At Stake in Offshore Energy Development: Jobs, Jobs, Jobs

By April 17, 2009Economy, Energy

Secretary of Interior Ken Salazar wrapped up Interior’s four hearings on Outer Continental Shelf energy development Thursday in San Francisco. More on the hearing(s) here.

The best commentary, at least when considering California, that we’ve seen on OCS energy comes from Jack Stewart, the head of the California Manufacturers and Technology Association. In today’s San Jose Mercury News, he writes, “Offshore energy development offers California an opportunity“:

For a state in search of stable economic footing, the energy industry can provide the foundation on which to climb.

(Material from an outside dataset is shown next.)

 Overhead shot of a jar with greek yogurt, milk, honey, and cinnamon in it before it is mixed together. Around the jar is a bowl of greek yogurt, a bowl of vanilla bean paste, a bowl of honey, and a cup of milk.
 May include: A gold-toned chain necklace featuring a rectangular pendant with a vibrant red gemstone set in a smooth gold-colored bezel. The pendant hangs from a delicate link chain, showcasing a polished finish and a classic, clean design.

Since 2001, our state has lost more than 520,000 manufacturing jobs — almost 30 percent of its industrial base — and eliminated roughly 730,000 private-sector jobs. These trends will lead California to ruin. However, expanding the safe, clean exploration of America’s native resources would create 23,000 new jobs and generate more than $420 billion in federal, state and local revenue. Expanded energy development is a step in the right direction.

Many industry jobs would be high-paying and technically intensive, and the money generated through royalty payments, taxes and revenues could help fund schools, roads, hospitals and the essential safety nets so many Californians rely upon. Payments received through expanded exploration would also help to fight the state’s budget deficit, which is expected to swell to $15 billion over the next 18 months. Increased oil and natural gas exploration is the right remedy at the right time, for the right reasons.

Some more California context, from a news release earlier in the month:

Industrial employment in California fell 2.5% over the past twelve months according to the 2009 Directory of California Manufacturers, an industrial guide published annually by Manufacturers’ News, Inc. (MNI), Evanston, IL. MNI reports California lost 41,835 industrial jobs and 494 manufacturers from February 2008 to February 2009, the steepest loss the state has seen in several years.

The policies undertaken by California’s leaders for at least the past decade have failed miserably. State government is broken, the budget is tapped out — there’s a statewide vote next month on $16 billion in tax increases! — and the state’s residents are fleeing for more inviting territory.

Perhaps it’s time to try something new, like increasing the nation’s domestic energy supply.